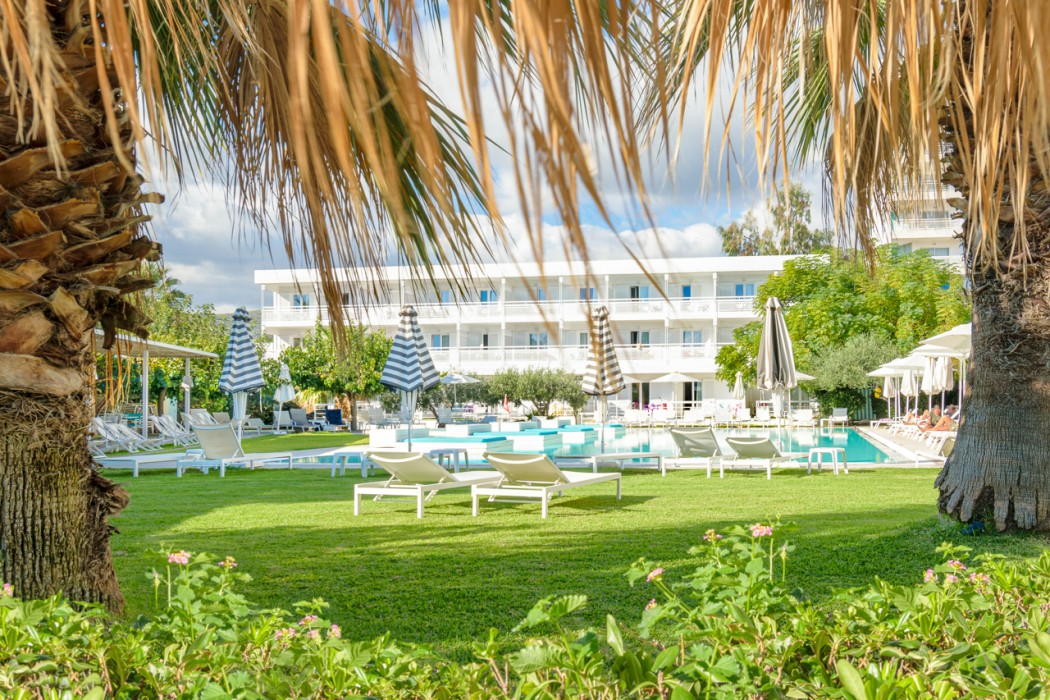 Marathon Beach Resort 41/72
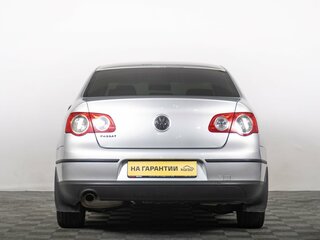2008 Volkswagen Passat B6, серебристый, 679000 рублей, вид 4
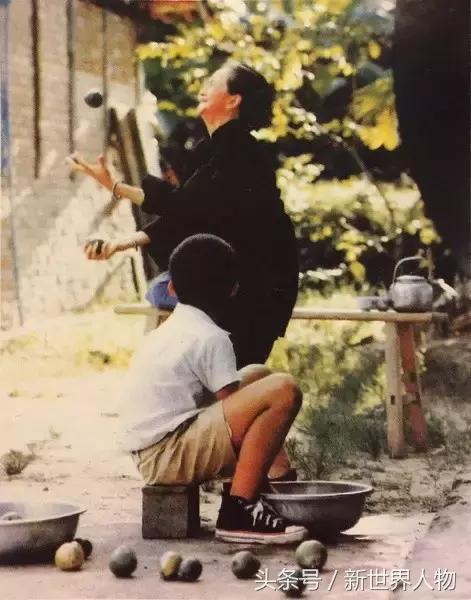 新世界人物——影谈—台湾新电影导师——侯孝贤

§ **Assigned task**: Would you restate, word for word, the lines from the one holding "2008 Volkswagen Passat" through the end of the material above? Omit the pictures.

§ **Task solution**:
2008 Volkswagen Passat B6, серебристый, 679000 рублей, вид 4
 新世界人物——影谈—台湾新电影导师——侯孝贤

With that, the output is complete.